Y está la iglesia de Santa Maria delle Grazie. Allí mismo al lado, en el lugar que fue refectorio del convento de dominicos, está la Cena de Leonardo, ya condenada a muerte cuando el pintor le puso la última pincelada: la humedad del terreno comenzó inmediatamente su trabajo de corrosión. Hoy, transformó en pálidas sombras las figuras de Cristo y de los apóstoles, dispersó nubes sobre ellas, las desportilló en múltiples puntos como una constelación de estrellas muertas en un espacio luminoso. Es una cuestión de tiempo.

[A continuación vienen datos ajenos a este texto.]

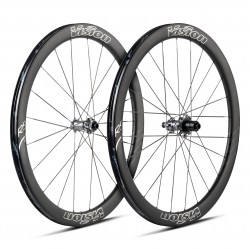 Vision Metron 45 RS SL Disc CS Edition Wheelset (TR, XDR, B6) Vision Metron 45 RS SL Disc CS Edition Wheelset (TR, XDR, B6)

Pese a los cuidados minuciosos que la rodean, la Cena agoniza, y, más allá del prestigio del arte incomparable de Leonardo, tal vez sea esa muerte próxima lo que nos hace aún más preciosa esta magnífica pintura. Cuando la dejamos, llevamos dobles razones para temer no volver a verla. Aunque no venga otra guerra a derribar una vez más el edificio, transformándolo en un montón de ruinas, de vigas erizadas, de cascotes, de ladrillos triturados. La Cena parece definitivamente prometida a otro fin.

Y ahora, antes de partir, le toca el turno a la Pinacoteca Ambrosiana. No es un gran museo, medio escondido como está en la Piazza Pio IX, a la que, a su vez, sólo una imaginación meridional se atrevería a llamar plaza, pero es allí donde está el perfil un poco labriego de Beatrice d’Este (¿o de Bianca-Maria Sforza?), con sus perlas adornando la red que le sostiene el pelo y la cinta que ayuda a prenderlo y que un hippy de hoy no desdeñaría. Pintó este retrato Giovanni Ambrogio de Predis, milanés que vivió en los siglos XV y XVI. Pero, sobre todo, en la Pinacoteca Ambrosiana, en una sala exclusiva-mente consagrada a este cuadro, está expuesto el enorme cartón de la Escuela de Atenas. Bajo una iluminación perfecta, el dibujo de Rafael prefigura, en la espontaneidad y en la ligereza casi imponderable de un trazo que es más claroscuro que línea, la sabiduría y la dignidad de las figuras que en la stanza del Vaticano soportan las rápidas miradas del turista.